**REQUIRED ACTION**. How many lines in the entries below contain the string "Powered"? Reply with the number only.

++++ THE DATA ++++

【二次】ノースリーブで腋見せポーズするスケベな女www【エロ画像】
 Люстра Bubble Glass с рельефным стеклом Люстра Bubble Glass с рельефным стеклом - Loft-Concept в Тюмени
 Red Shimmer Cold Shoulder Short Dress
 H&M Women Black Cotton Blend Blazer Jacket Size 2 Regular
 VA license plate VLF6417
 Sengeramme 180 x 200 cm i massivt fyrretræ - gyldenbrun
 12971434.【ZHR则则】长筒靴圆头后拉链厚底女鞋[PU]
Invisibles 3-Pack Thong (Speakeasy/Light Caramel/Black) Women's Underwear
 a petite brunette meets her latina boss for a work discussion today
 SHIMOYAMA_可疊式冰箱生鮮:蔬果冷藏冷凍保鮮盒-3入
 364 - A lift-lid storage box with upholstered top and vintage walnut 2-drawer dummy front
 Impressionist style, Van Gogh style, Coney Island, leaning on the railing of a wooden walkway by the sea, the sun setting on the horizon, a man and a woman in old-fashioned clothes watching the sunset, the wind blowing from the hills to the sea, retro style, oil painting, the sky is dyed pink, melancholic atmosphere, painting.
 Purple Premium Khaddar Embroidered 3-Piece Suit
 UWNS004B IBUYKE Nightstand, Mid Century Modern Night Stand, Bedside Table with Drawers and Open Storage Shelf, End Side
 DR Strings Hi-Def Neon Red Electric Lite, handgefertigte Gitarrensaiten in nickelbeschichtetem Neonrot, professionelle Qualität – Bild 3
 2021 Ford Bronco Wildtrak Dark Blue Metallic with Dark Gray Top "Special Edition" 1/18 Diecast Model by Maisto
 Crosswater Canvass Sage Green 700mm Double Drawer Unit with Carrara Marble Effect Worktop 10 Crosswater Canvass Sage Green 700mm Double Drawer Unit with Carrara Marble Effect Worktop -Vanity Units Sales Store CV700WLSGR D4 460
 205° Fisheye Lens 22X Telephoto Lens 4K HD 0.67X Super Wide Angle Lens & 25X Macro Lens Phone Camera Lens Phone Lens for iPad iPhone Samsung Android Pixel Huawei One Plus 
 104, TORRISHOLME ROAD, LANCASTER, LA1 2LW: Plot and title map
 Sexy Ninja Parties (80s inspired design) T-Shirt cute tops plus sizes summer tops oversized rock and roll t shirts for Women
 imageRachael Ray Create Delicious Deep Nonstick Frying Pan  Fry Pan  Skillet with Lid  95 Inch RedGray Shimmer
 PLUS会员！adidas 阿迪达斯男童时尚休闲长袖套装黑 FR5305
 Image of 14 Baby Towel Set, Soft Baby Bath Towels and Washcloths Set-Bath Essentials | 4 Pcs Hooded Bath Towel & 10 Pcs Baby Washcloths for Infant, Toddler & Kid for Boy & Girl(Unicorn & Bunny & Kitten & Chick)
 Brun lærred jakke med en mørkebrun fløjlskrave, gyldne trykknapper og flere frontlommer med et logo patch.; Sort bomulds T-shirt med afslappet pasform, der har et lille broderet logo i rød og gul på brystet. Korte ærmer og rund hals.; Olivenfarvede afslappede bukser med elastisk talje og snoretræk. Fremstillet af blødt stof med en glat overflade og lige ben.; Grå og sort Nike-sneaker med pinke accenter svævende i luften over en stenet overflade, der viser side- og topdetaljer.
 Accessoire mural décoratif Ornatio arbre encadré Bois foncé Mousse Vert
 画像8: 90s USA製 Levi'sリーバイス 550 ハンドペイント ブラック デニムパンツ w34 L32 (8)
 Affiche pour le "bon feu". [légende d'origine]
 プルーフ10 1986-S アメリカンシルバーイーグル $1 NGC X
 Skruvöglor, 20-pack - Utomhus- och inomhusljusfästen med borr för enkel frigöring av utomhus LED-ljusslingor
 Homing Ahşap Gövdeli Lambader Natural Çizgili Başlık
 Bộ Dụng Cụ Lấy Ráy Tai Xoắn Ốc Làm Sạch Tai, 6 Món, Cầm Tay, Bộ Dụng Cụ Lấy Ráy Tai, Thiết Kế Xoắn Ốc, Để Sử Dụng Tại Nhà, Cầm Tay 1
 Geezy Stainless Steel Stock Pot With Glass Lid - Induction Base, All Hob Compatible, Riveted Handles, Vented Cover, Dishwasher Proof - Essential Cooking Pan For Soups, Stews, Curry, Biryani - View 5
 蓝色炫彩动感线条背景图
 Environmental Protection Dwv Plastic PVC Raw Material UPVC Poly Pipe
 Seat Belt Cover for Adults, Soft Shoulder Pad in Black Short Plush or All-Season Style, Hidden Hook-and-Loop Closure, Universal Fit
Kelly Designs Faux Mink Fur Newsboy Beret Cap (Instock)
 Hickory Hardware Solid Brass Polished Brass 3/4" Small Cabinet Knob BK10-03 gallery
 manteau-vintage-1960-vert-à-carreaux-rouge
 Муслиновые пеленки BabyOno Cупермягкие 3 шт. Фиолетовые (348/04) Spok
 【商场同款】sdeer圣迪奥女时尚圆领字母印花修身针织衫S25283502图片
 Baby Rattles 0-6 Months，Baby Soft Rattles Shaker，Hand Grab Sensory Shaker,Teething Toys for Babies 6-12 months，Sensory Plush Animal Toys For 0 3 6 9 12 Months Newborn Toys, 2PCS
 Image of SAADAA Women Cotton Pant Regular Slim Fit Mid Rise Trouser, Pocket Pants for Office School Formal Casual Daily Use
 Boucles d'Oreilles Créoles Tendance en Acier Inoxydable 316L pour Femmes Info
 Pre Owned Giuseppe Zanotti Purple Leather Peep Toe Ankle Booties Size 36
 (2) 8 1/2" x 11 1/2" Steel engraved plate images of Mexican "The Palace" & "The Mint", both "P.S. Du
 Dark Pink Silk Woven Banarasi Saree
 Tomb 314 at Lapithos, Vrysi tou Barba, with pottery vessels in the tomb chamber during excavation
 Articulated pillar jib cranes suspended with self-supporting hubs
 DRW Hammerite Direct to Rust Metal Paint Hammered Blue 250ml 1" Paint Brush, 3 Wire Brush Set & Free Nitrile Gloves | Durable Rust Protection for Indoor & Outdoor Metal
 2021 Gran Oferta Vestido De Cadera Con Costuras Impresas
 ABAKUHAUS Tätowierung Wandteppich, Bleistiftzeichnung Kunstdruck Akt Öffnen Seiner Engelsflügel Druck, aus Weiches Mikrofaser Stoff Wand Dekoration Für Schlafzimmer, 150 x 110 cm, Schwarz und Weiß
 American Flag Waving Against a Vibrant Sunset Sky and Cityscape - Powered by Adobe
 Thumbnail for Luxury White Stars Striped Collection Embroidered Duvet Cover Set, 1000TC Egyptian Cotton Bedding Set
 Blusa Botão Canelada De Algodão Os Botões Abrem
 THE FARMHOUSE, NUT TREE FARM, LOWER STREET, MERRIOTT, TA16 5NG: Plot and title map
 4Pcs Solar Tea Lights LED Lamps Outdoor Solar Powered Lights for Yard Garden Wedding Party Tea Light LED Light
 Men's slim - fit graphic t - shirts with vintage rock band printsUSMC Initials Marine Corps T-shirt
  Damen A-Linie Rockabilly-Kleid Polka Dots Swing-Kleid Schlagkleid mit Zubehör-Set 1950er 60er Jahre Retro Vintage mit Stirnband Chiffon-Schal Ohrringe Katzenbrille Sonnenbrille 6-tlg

++++

**EXERCISE RESULT**. 2